Chipotle spokesman Chris Arnold said there’s no timetable for how long the Denver-area menu test will run before Chipotle either scraps it or adopts it at restaurants beyond Denver.

“We’re looking to see how the new menu works for us operationally and what customers like and don’t like,” Arnold said. “We put up the menu and we’ll see how things go, and that includes the idea of rolling this out to other markets or even nationally. For now, we’ve made no plans to do anything with it beyond Denver. Maybe we’ll decide the best thing for us is to keep the menu we’ve had. Maybe we’ll learn that things like the kid’s menu would be a really good idea and something we can replicate in other markets, or maybe we’ll learn that the whole thing should go everywhere. So we’re keeping the whole universe of options on the table as we go through this test.”

Chipotle has used its home base of Denver to test other new wrinkles in the past. In late 2007 it tried out the more healthful brown rice at some local Chipotles before reverting back to the old standby white cilantro lime rice.

“We found through the test that customers preferred the white rice by pretty significant numbers,” Arnold said. 

Chipotle isn’t alone in its offering of more economical options. Another Denver-based quick-serve chain, Quizno’s, launched a New Lower Prices campaign in January and followed that up in late March with Toasty Torpedoes, sandwiches prepared on extra-long, extra slim bread for $4 at participating locations. “We realize almost everyone is feeling the pinch in today’s economy,” said Rebecca Steinfort, chief marketing officer for Quizno’s.

I’m all for lower prices.

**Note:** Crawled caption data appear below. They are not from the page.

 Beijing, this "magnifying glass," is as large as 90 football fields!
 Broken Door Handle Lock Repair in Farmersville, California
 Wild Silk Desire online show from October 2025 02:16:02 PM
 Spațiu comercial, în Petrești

But I’m a fan of simplicity, too, and of quick-serve restaurants that do one or two things and do them well. That seemed to be Chipotle’s calling card and what’s kept me going back time and again. We’ll see how the expanded menu works out.

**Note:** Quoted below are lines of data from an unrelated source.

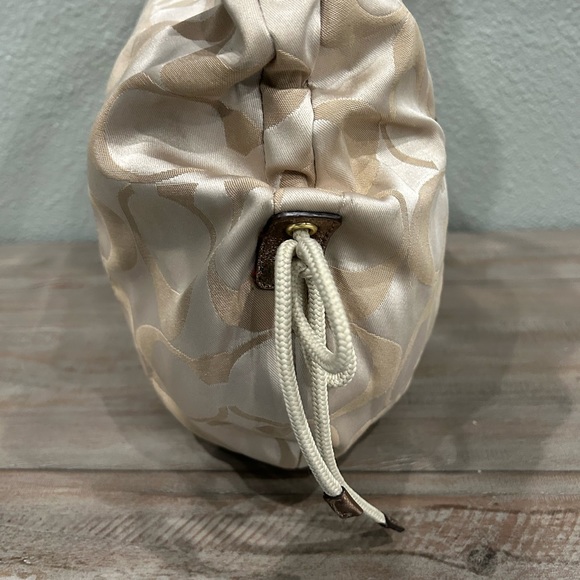 Authentic Signature Coach Poppy Shoulder Handbag - Picture 4 of 10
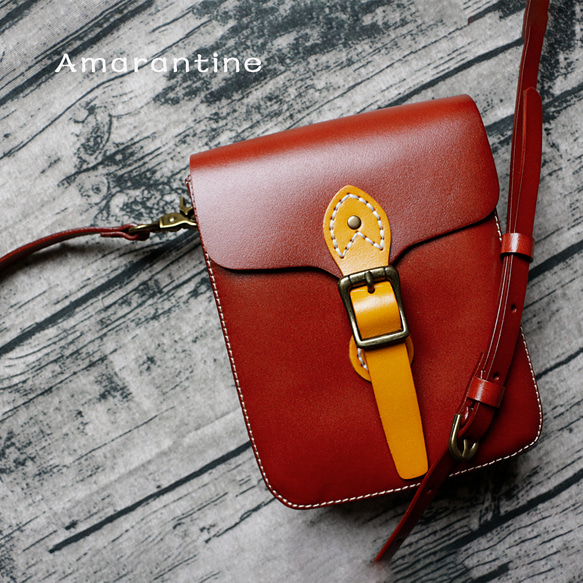 本革 】ショルダーバッグ スマホポーチ縦型斜め掛けバッグ 軽量 ミニ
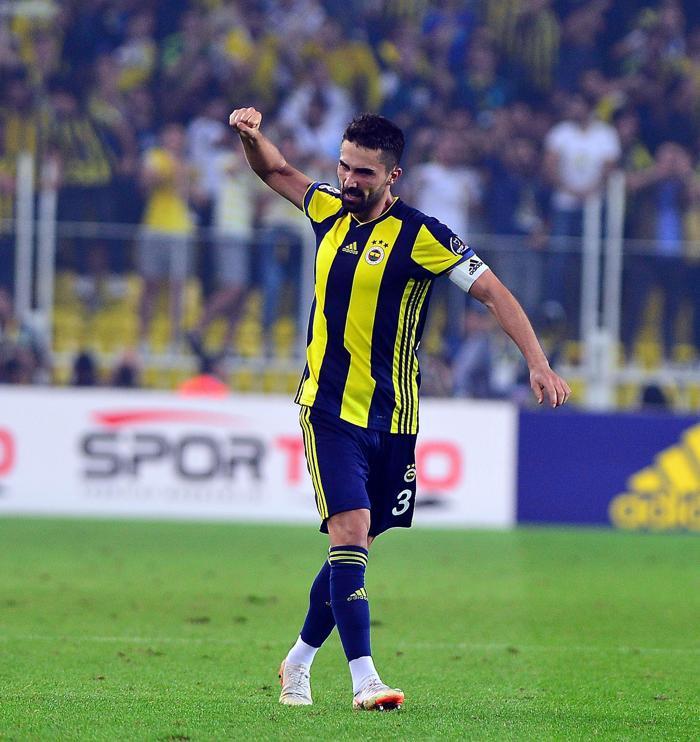 Fanatik yazarlarının Fenerbahçe - Beşiktaş maçı yorumları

The one knock on Chipotle I’ve read – and it’s not the worst one as problems go – is that its noon lines can be rather long in high-volume business districts where everyone eats at the same time. It doesn’t seem that an expanded menu, with more for the employees to learn and more for customers to mull over, will do anything to speed the customers through those lines.

Arnold dismissed the notion that Chipotle was venturing far from the simplicity that has been one of its hallmarks along with naturally raised meats.

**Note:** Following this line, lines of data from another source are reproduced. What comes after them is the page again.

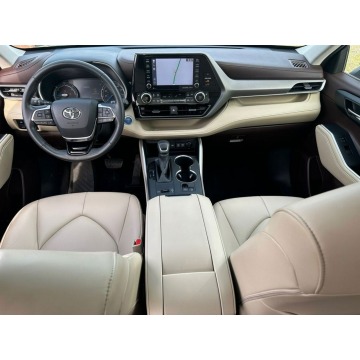 Toyota Highlander  SUV 2020,  2.4 benzyna, automat - Na sprzedaż za 173 430 zł - Katowice - zdjęcie 6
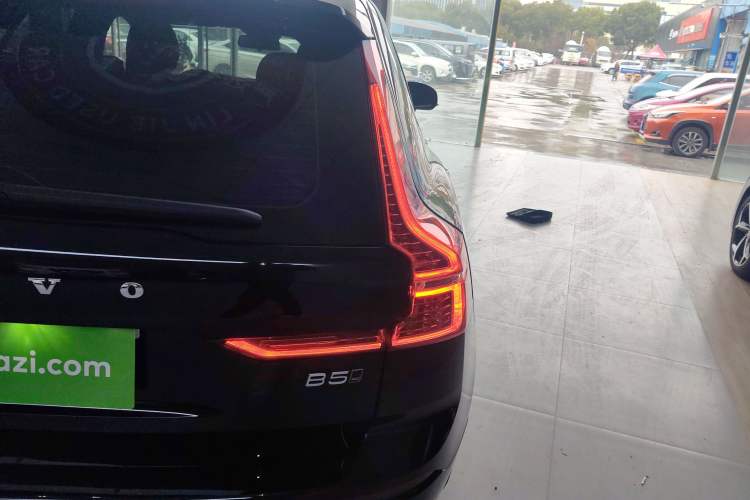 Used Volvo XC60 2025 B5 4x4 Smart Luxury Edition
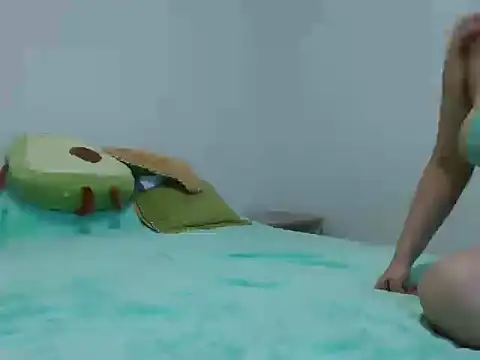 milfevha online show from December 2025 10:42:01 PM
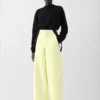 Skräddarsydda Gore-Tex-byxor Jacquemus + Nike Skräddarsydda byxor i Gore-Tex – samarbete mellan Jacquemus och Nike Skräddarsydda Gore-Tex-byxor Jacquemus + Nike Skräddarsydda byxor i Gore-Tex – samarbete mellan Jacquemus och Nike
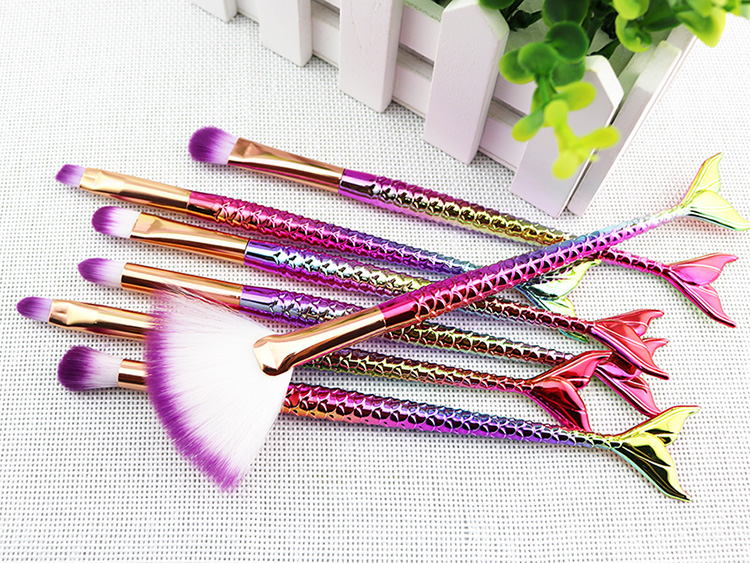 High Quality 7Pcs Complete Mermaid Eye Makeup Brush Set Eyeshadow Blending Fishi Tail Make Up Fan Brush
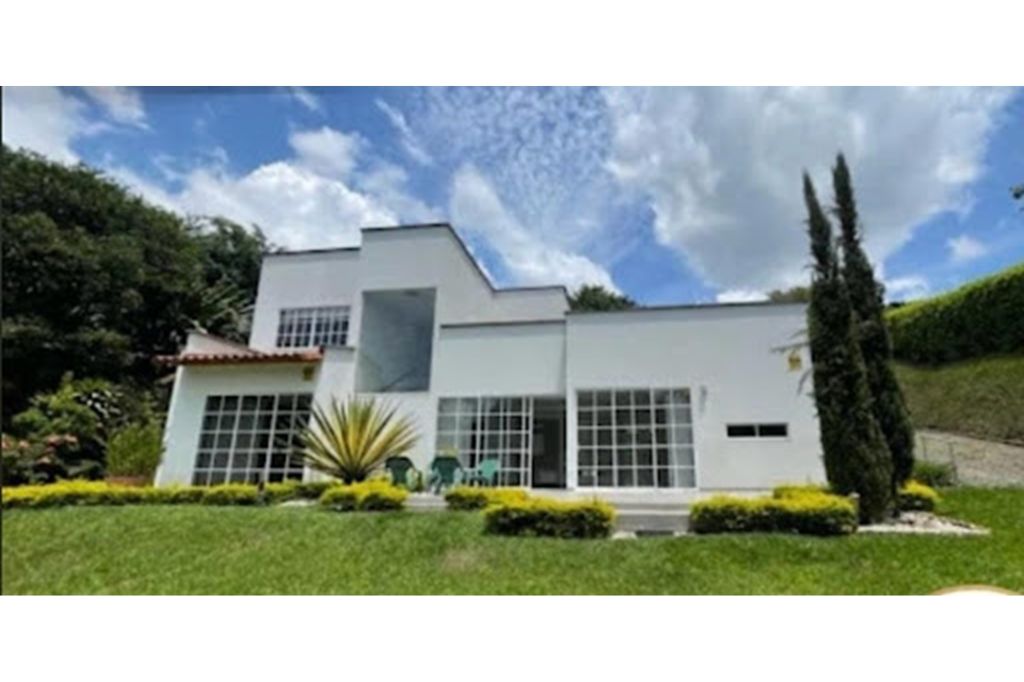 Property in Pereira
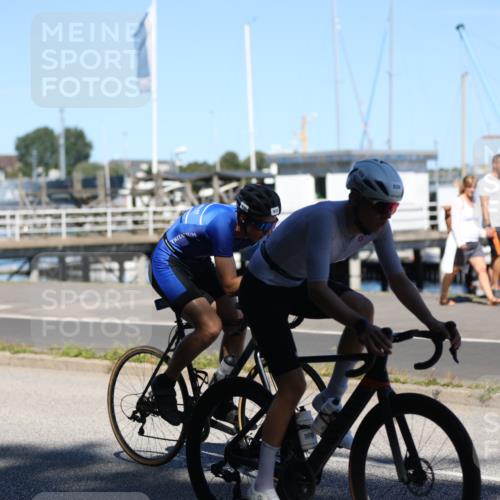 17.08.2025 - KN Förde Triathlon 2025 Yannick Fuchs http://msf.ph/oto/8627505 17.08.2025 13:19:16 Radfahren 426, 433, 508, 529, 423, 439, 496 meine-sportfotos.de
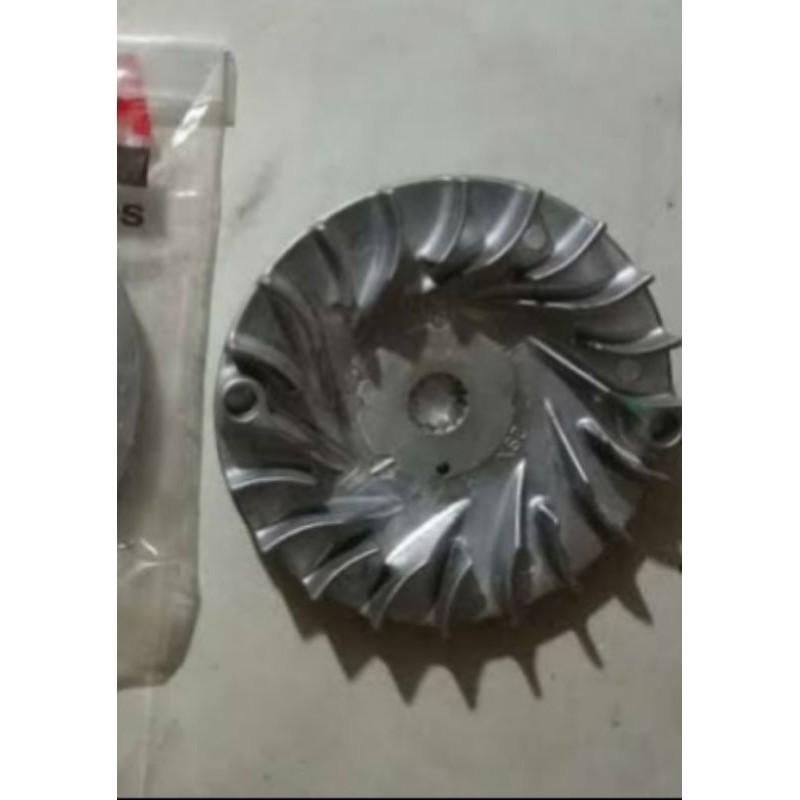 ROLLER HOUSE FAN FINO 125/2SX-E7611-10 อะไหล่แท้yamaha FAST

“We really aren’t making anything that we weren’t making before,” he said. “Really, all we’ve added to the line is soup and some variations of that. Side salads – we were already doing the salads so making a side salad isn’t really difficult. And we’ve always made tacos so doing individual tacos isn’t all that difficult.

“A lot of our customers don’t really understand the full universe of things available within the old menu,” he said. “The new menu is designed to show the variety a little bit better than the old one was.”

That’s a relief to hear. Wouldn’t want Chipotle going the route of Starbucks – at one time merely coffee shops, and great ones at that. And then, to continue fueling growth, the Wall Street darling little by little drifted from the coffee business, adding CDs, sandwiches, carrot cake, kitchen accessories, books.

Too often when I went in Starbucks to grab a cup of coffee, I’d find myself in line behind someone who seemed to be doing his or her Christmas shopping, in front of the cash register.